### [GIVEN DATA]
+ + + +
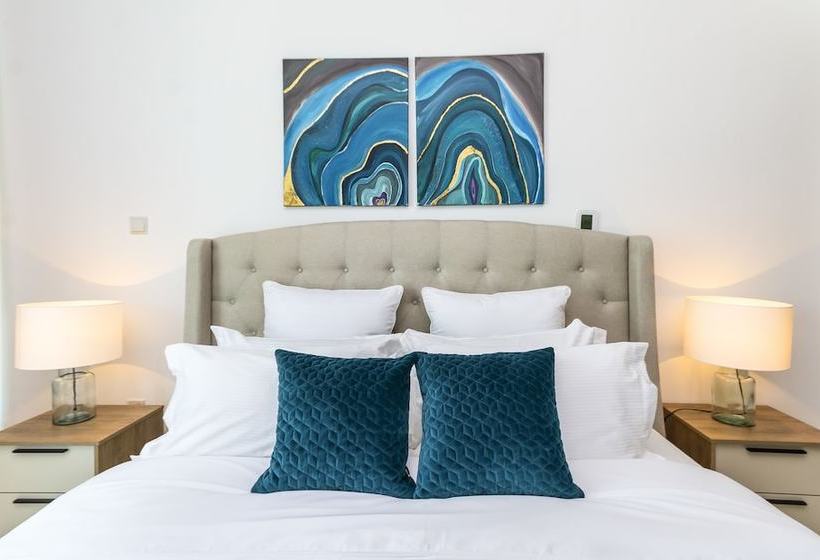 住所  Driven Holiday Homes  Loft East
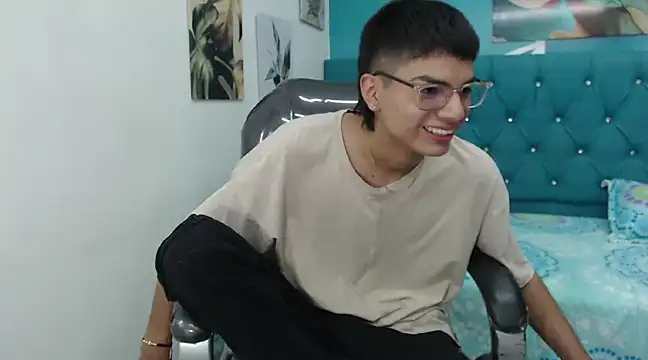 Noha scott online show from December 4, 2024, 11:02 pm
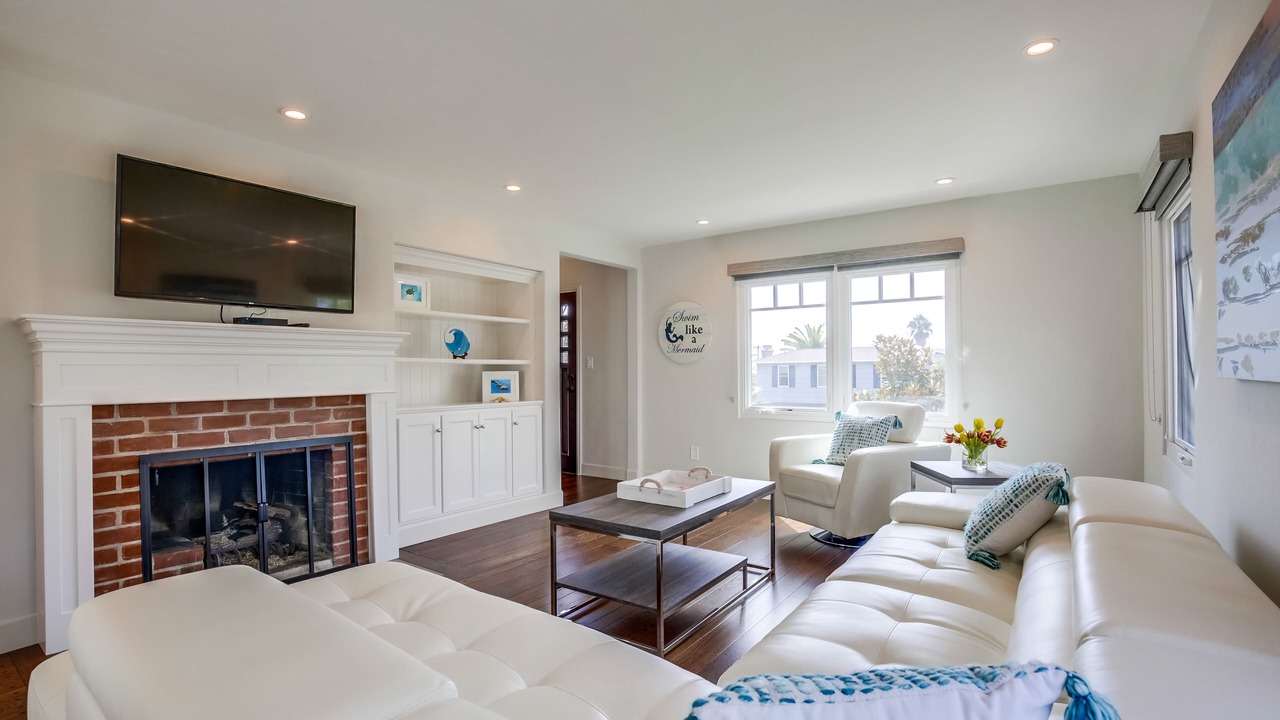 Photo of Livingroom in Village of La Jolla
+ + + +
### [WORK TASK]
Please write out all of the material above without changing a word, and omit any pictures.

### [RESULT]
 住所  Driven Holiday Homes  Loft East
 Noha scott online show from December 4, 2024, 11:02 pm
 Photo of Livingroom in Village of La Jolla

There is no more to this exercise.